Task objective:
Set the pictures aside and transcribe exactly the lines from the one containing "Blue Marble Explorer" through the final line of the records.

--- Given data ---

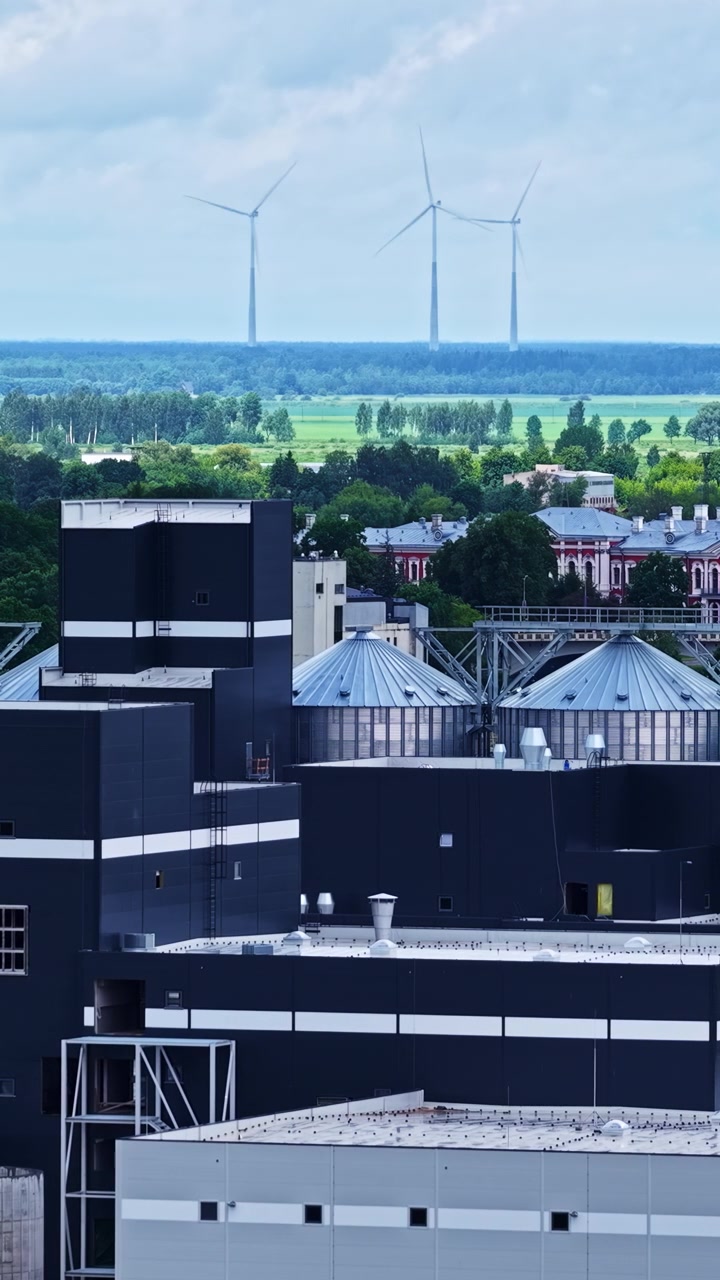 Modern industrial plant complex and silos with rotating wind turbines in the distant green fields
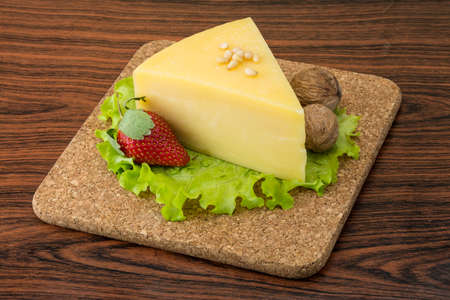 Parmesan cheese triangle with strawberry and wallnutsの写真素材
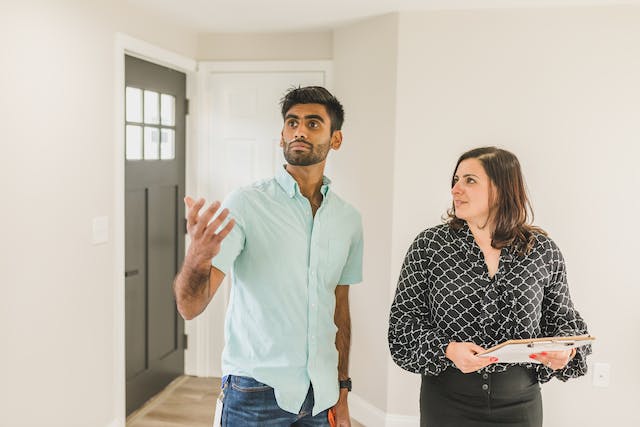 a landlord in a black shirt conducting a property showing with a tenant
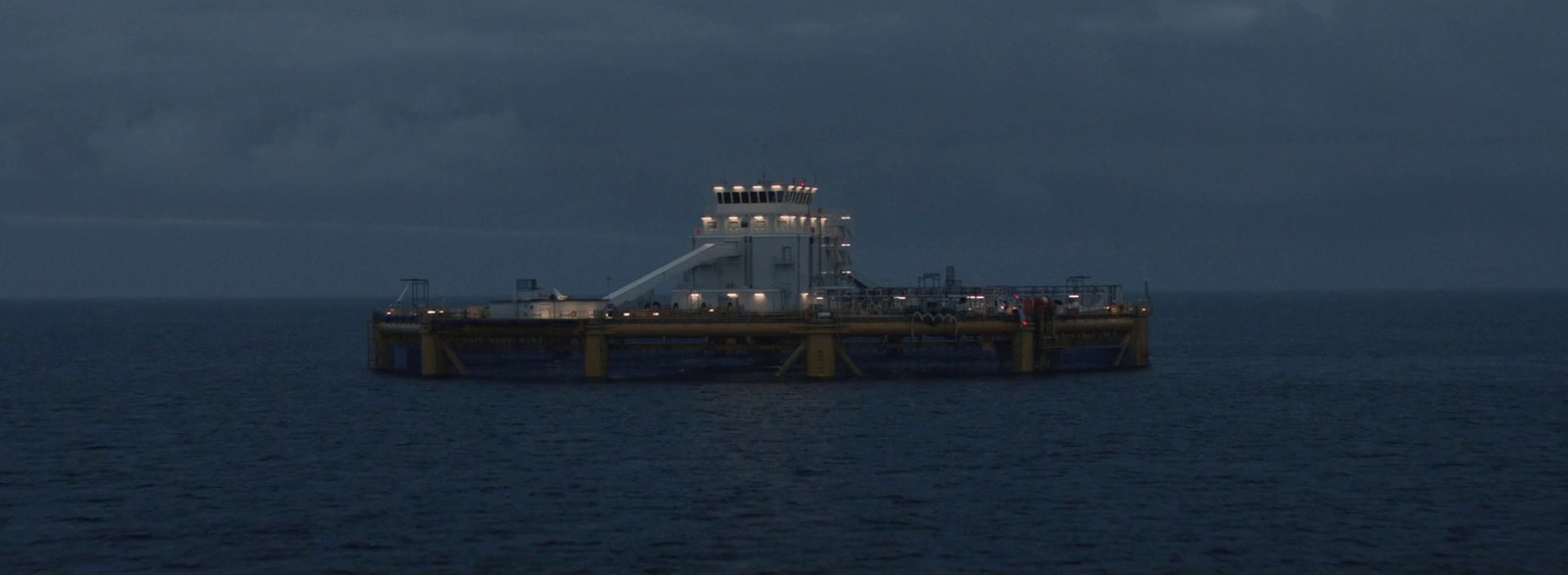 an oil rig in the middle of the ocean at night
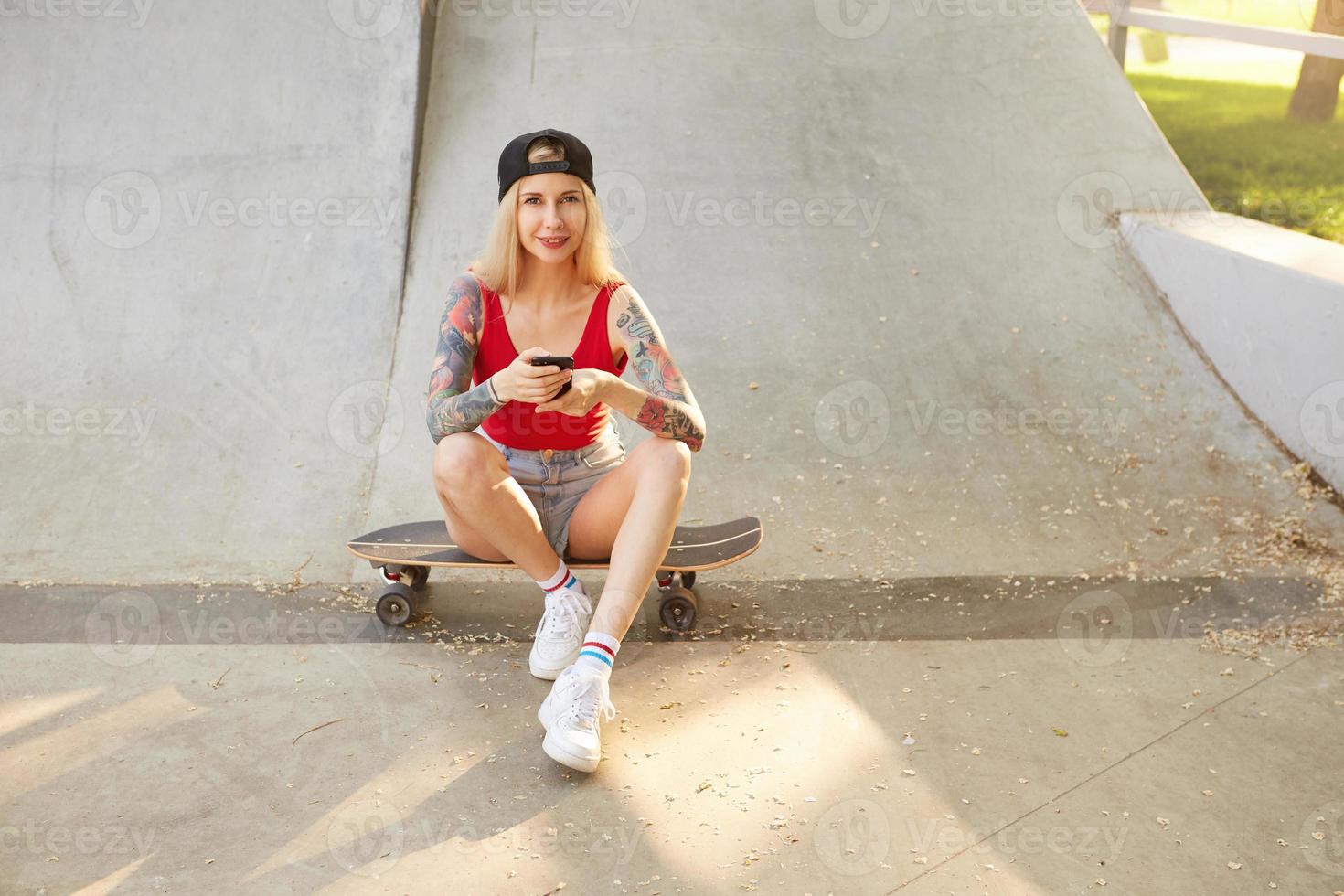 giovane bella donna bionda tatuata in berretto da baseball che guarda alla telecamera in stato d'animo positivo, seduta su skateboard sopra il parco cittadino con lo smartphone in mano foto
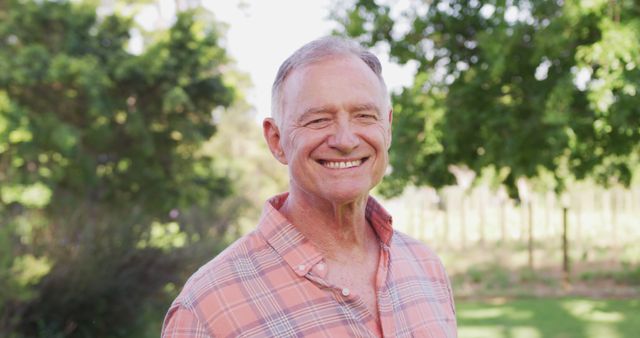 Senior Man Smiling Outdoors on a Sunny Day - Download Free Stock Images Pikwizard.com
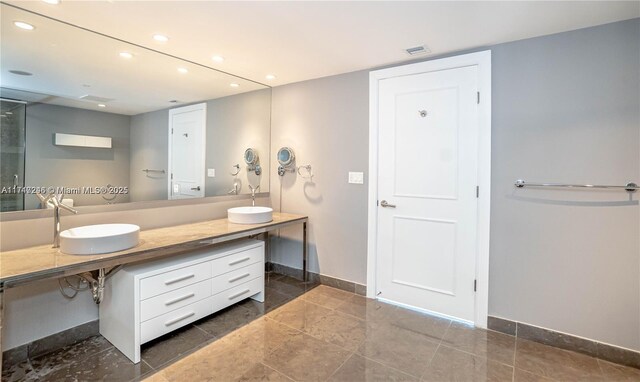 495 Brickell Ave Unit 2301, Miami, FL 33131 - full bathroom with recessed lighting, baseboards, double vanity, and tile patterned flooring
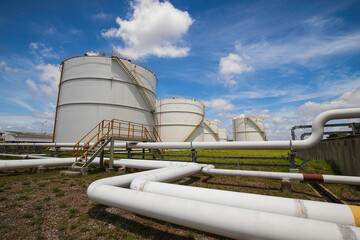 Tank farm in industry Thailand with white oil and petrol silos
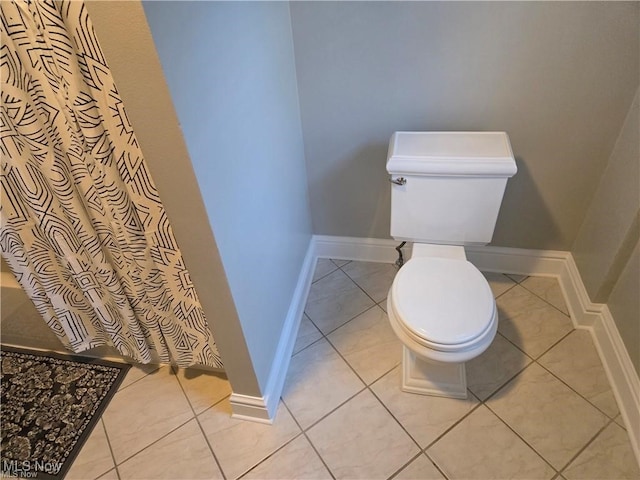 bathroom with tile patterned flooring and toilet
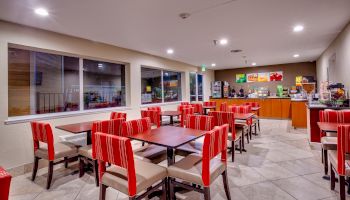 The image shows a well-lit dining area with red and white chairs, wooden tables, a serving counter, and various food and drink dispensers.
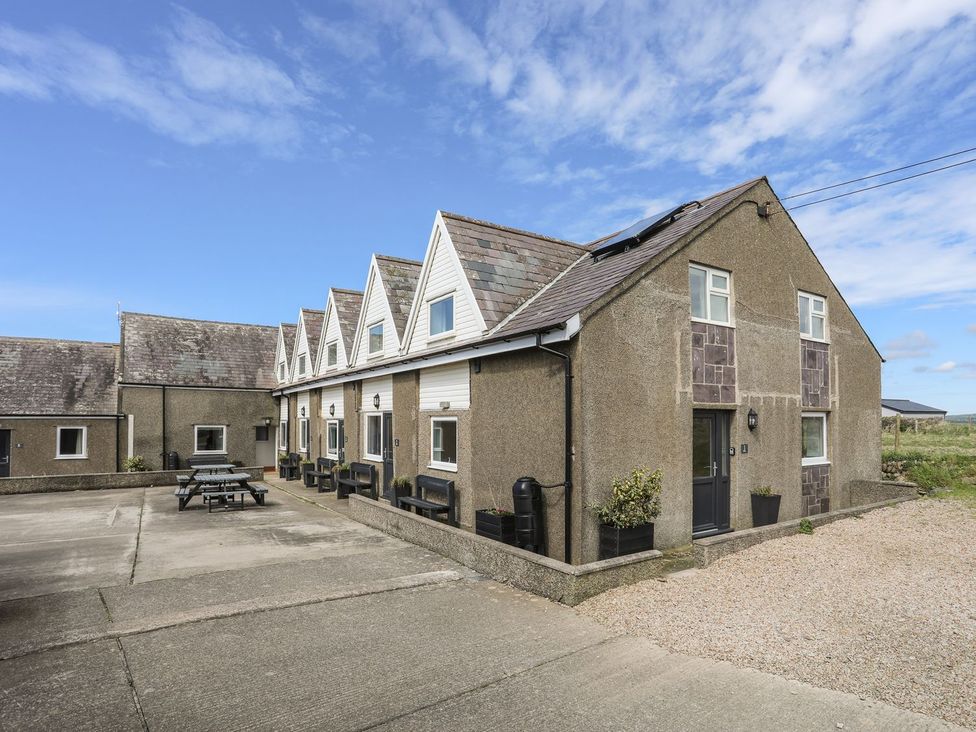 An outdoor area with a building and furniture at Rhiw - 1 Ty'n Don Abersoch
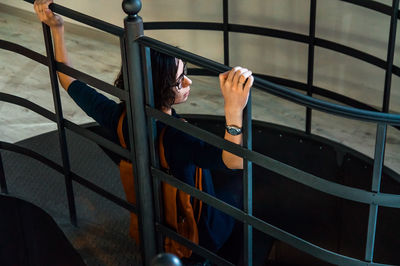 High angle view of man sitting on railing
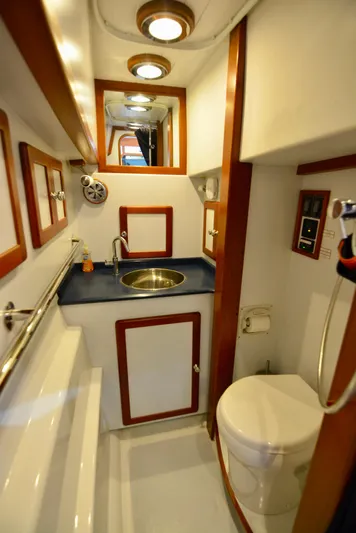 Blue Marble Explorer Yacht Photos Pics 2005 Custom P-38 Lightning Power Catamaran bathroom with sink and toilet.
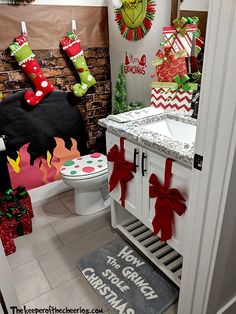 a bathroom decorated for christmas with stockings and stocking on the wall, toilet paper wrapped in red and green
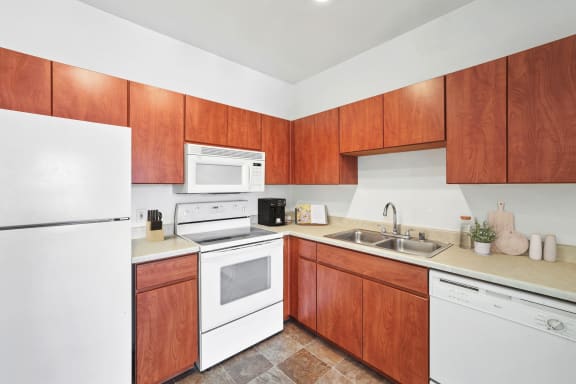 kitchen with white appliances, wood cabinetry, and tile flooring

---

Your response:
 Blue Marble Explorer Yacht Photos Pics 2005 Custom P-38 Lightning Power Catamaran bathroom with sink and toilet.
 a bathroom decorated for christmas with stockings and stocking on the wall, toilet paper wrapped in red and green
 kitchen with white appliances, wood cabinetry, and tile flooring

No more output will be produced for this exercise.